Podczas obchodów 73. rocznicy wyzwolenia Auschwitz ambasador Izraela zaapelowała o zmianę w przyjętej przez Sejm nowelizacji wprowadzającej m.in. kary za twierdzenie, że istniały "polskie obozy śmierci". "Izrael traktuje ją jak możliwość kary za świadectwo ocalałych z Zagłady" – stwierdziła Anna Azari. Natychmiastowego spotkania ambasadora z premierem Mateuszem Morawieckim zażądał jego izraelski odpowiednik – Beniamin Netanjahu. – Ta ustawa nie ma podstaw, jestem jej zdecydowanie przeciwny. Nikt nie może zmienić historii, a Holokaust nie może być negowany – podkreślił.
Na reakcję premiera Mateusza Morawieckiego nie trzeba było długo czekać. Szef polskiego rządu na Twitterze napisał o wspólnym oświadczeniu Polski i Izraela, które wydano w 2016 roku. W tym dokumencie – jak zaznaczył premier – "sprzeciwiają się wszelkim próbom wypaczania historii narodów żydowskiego lub polskiego przez negowanie lub umniejszanie ofiary Żydów podczas Holokaustu lub stosowanie błędnych terminów takich jak 'polskie obozy śmierci".
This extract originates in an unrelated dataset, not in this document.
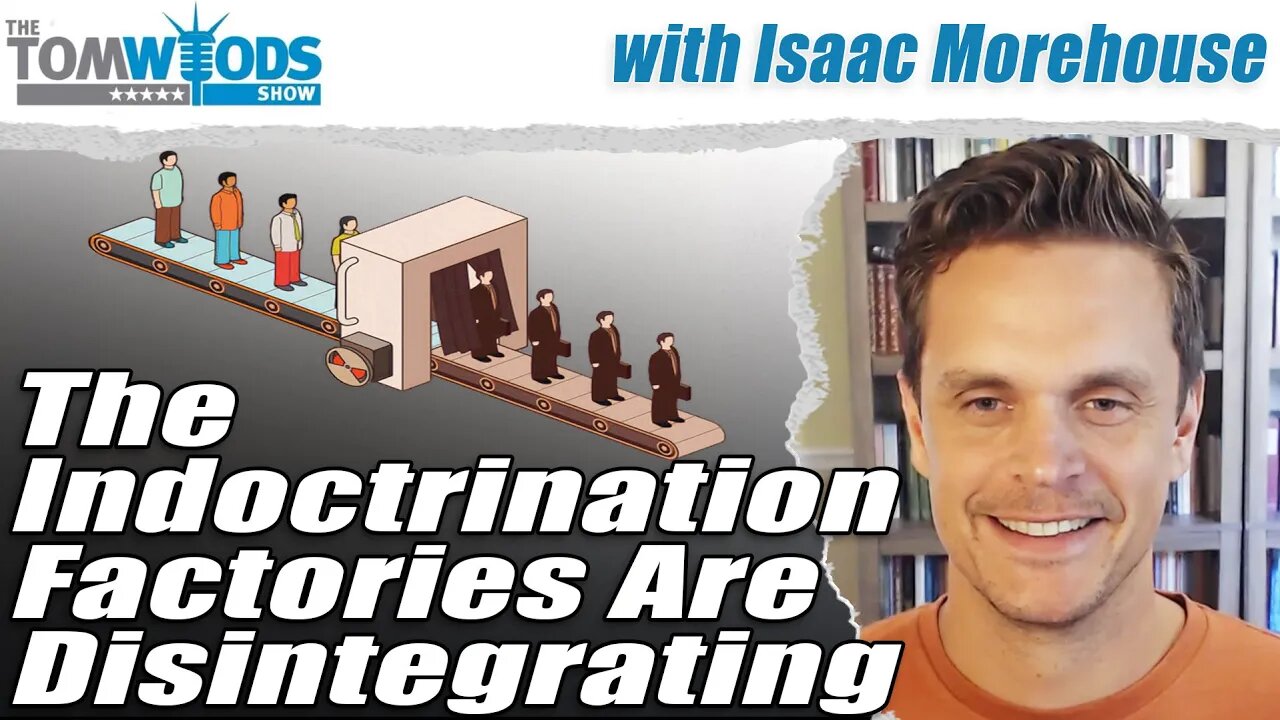 The Indoctrination Factories Are Disintegrating | Tom Woods Show #2653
Chęć rozmowy z ambasador Izraela wyraził Stanisław Karczewski. Marszałek Senatu na Twitterze przypomniał, że nowelizacja ustawy trafi teraz do Senatu.
Szczerski spotka się z ambasador
Dziś Kancelaria Prezydenta poinformowała, że Krzysztof Szczerski jutro spotka się z Anną Azari. W wydanym oświadczeniu zaznaczono, że prace parlamentarne nad wspomnianymi przepisami nie są zakończone.
"Dlatego prezydent RP przedstawi swoją finalną ocenę procedowanych przepisów prawnych po zakończeniu prac parlamentarnych i wnikliwej analizie ostatecznego kształtu ustawy. Prezydent RP respektuje w tej sprawie autonomię prac legislacyjnych w polskim parlamencie" – podkreślił Szczerski.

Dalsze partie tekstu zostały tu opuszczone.